(Brief descriptive captions)

++++++++++++++++++++

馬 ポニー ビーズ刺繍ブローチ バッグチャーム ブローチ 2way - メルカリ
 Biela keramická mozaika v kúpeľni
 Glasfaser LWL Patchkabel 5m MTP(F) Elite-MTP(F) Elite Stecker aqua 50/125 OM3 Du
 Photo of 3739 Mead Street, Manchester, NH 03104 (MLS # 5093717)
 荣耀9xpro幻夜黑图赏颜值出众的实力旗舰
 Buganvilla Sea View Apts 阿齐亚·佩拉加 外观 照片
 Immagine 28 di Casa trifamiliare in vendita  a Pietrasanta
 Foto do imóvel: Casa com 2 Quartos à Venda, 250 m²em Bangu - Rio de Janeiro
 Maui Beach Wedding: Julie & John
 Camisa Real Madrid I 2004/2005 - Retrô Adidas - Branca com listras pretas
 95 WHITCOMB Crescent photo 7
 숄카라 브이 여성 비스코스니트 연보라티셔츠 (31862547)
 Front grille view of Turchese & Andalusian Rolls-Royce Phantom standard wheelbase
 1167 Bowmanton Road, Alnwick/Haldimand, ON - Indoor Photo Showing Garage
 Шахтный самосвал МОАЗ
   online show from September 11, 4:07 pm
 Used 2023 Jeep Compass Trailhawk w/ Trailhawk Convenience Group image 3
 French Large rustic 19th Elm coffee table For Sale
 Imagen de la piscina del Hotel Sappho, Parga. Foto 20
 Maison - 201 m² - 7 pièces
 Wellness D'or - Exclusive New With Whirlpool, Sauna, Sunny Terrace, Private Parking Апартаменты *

++++++++++++++++++++

▶ _What you have to do_
Output the complete data exactly as written.

▶ _Response to this exercise_
馬 ポニー ビーズ刺繍ブローチ バッグチャーム ブローチ 2way - メルカリ
 Biela keramická mozaika v kúpeľni
 Glasfaser LWL Patchkabel 5m MTP(F) Elite-MTP(F) Elite Stecker aqua 50/125 OM3 Du
 Photo of 3739 Mead Street, Manchester, NH 03104 (MLS # 5093717)
 荣耀9xpro幻夜黑图赏颜值出众的实力旗舰
 Buganvilla Sea View Apts 阿齐亚·佩拉加 外观 照片
 Immagine 28 di Casa trifamiliare in vendita  a Pietrasanta
 Foto do imóvel: Casa com 2 Quartos à Venda, 250 m²em Bangu - Rio de Janeiro
 Maui Beach Wedding: Julie & John
 Camisa Real Madrid I 2004/2005 - Retrô Adidas - Branca com listras pretas
 95 WHITCOMB Crescent photo 7
 숄카라 브이 여성 비스코스니트 연보라티셔츠 (31862547)
 Front grille view of Turchese & Andalusian Rolls-Royce Phantom standard wheelbase
 1167 Bowmanton Road, Alnwick/Haldimand, ON - Indoor Photo Showing Garage
 Шахтный самосвал МОАЗ
   online show from September 11, 4:07 pm
 Used 2023 Jeep Compass Trailhawk w/ Trailhawk Convenience Group image 3
 French Large rustic 19th Elm coffee table For Sale
 Imagen de la piscina del Hotel Sappho, Parga. Foto 20
 Maison - 201 m² - 7 pièces
 Wellness D'or - Exclusive New With Whirlpool, Sauna, Sunny Terrace, Private Parking Апартаменты *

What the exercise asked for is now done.